This topic contains 3 replies, has 3 voices, and was last updated by Anonymous 2 months, 3 weeks ago.
April 21, 2018 at 2:08 pm #346932
Hello. I’ve read Elements of Eloquence by Mark Forsyth (https://www.goodreads.com/book/show/17415726-the-elements-of-eloquence?ac=1&from_search=true). It’s about rhetorical figures. It was a great read. I was fascinated by the fact that how many writers use these “tricks” to make their work memorable. Also I identify many rhetorical figures used by politicians all the time now.
I’ve googled many times but could not find what I was looking for. Could you help me, please?
This book was about defining and giving examples for each rhetorical figure discussed in the book(for example: alliteration, antithesis, merism and etc.) but I wonder if there is any book that teaches techniques on how to write using rhetorical figures?
If there are none, do you know any online course that teaches it?
P.S I am not sure if I am posting in the right forum. If you think that it is an inappropriate question for this forum, could you please recommend where should I post this kind of question?
English is not my native language, sorry for any mistakes
April 22, 2018 at 8:17 am #655869
Hi Maio002 welcome to the forum. 🙂
Why don’t you just use the Wikipedia online encyclopedia?
It has what you are looking for.
Another name for “rhetorical figure” is “figure of speech” and Wikipedia has a rather large article on the subject and each type of rhetorical figure is clickable and has it’s own article. And there are some examples given.
I hope that helps. 🙂
If you have any other questions, please feel free to ask them. 🙂
April 23, 2018 at 6:54 pm #655870
Thanks for replying Dreams of Tanelorn. I appreciate your help very much!
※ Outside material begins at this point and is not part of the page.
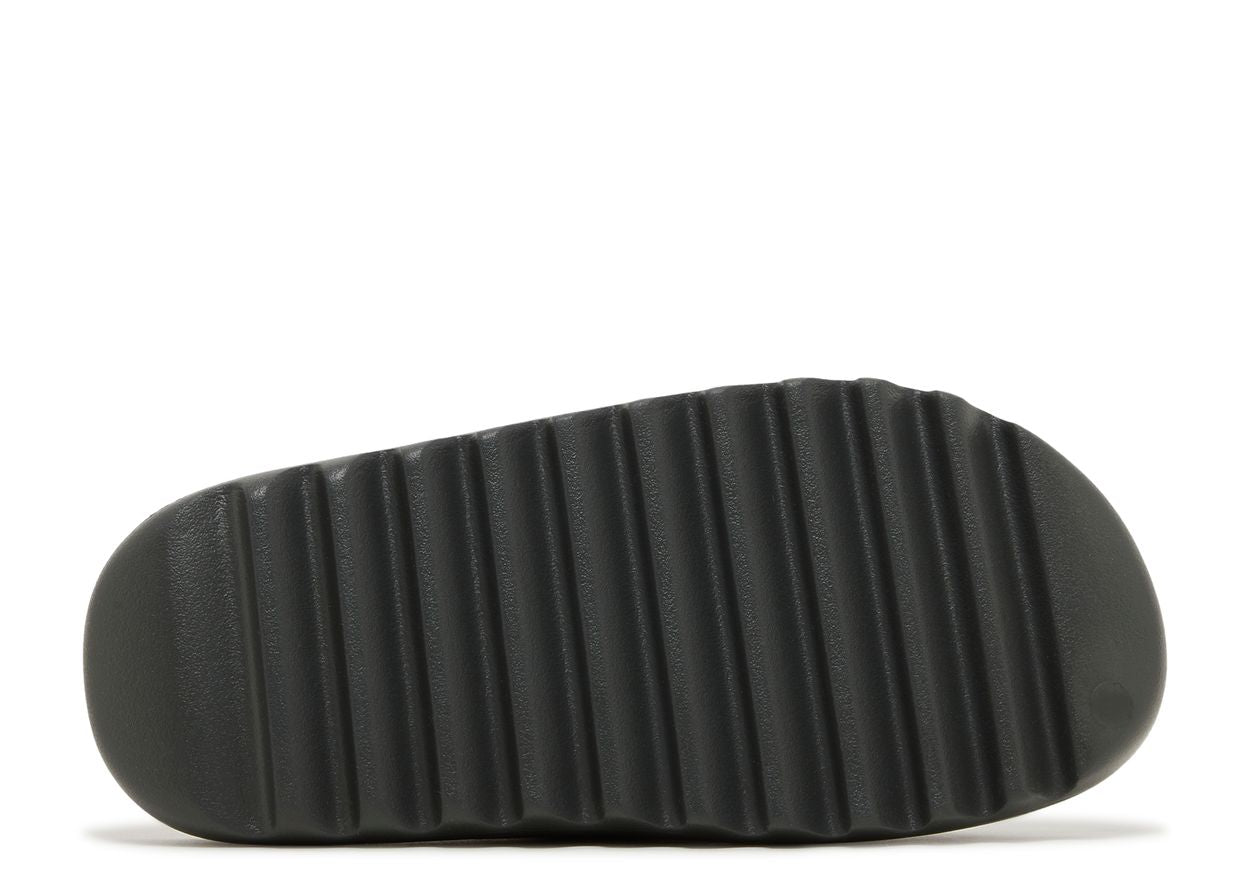 YEEZY SLIDES 'DARK ONYX'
April 24, 2018 at 1:24 pm #655871
Rhetorical figures, figures of speech, are things even writers frequently get wrong. There’s so many reasons that they fail that it’s hard to fit into an online post.
Figures of speech need to be socially aware. If it’s too out of touch with society, then the meaning either is lost, or the impact is lost. It’s got to fit into the story. And it’s got to be language appropriate. And that’s not all.
Language appropriate: Way back in the late 1980’s/early 1990’s, an arcade game called Zero Wing was turned into a game to run on personal computers. Originally, the game was written in Japanese (I think it was), but someone tried to translate it to English. It’s resulted in one of the most ridiculed opening scenes in video game history. There’s an animation to start the game, a cut scene. The cut scene ends with English text:
> All your base are belong to us!
It’s turned into a meme of its own, and is a joke about poor English translation even through today. In one sense, that’s a success, right? A turn of phrase long remembered. But… the game from which it came is all but forgotten. I had to look it up.
You’re taking on quite a challenge. I wish you luck.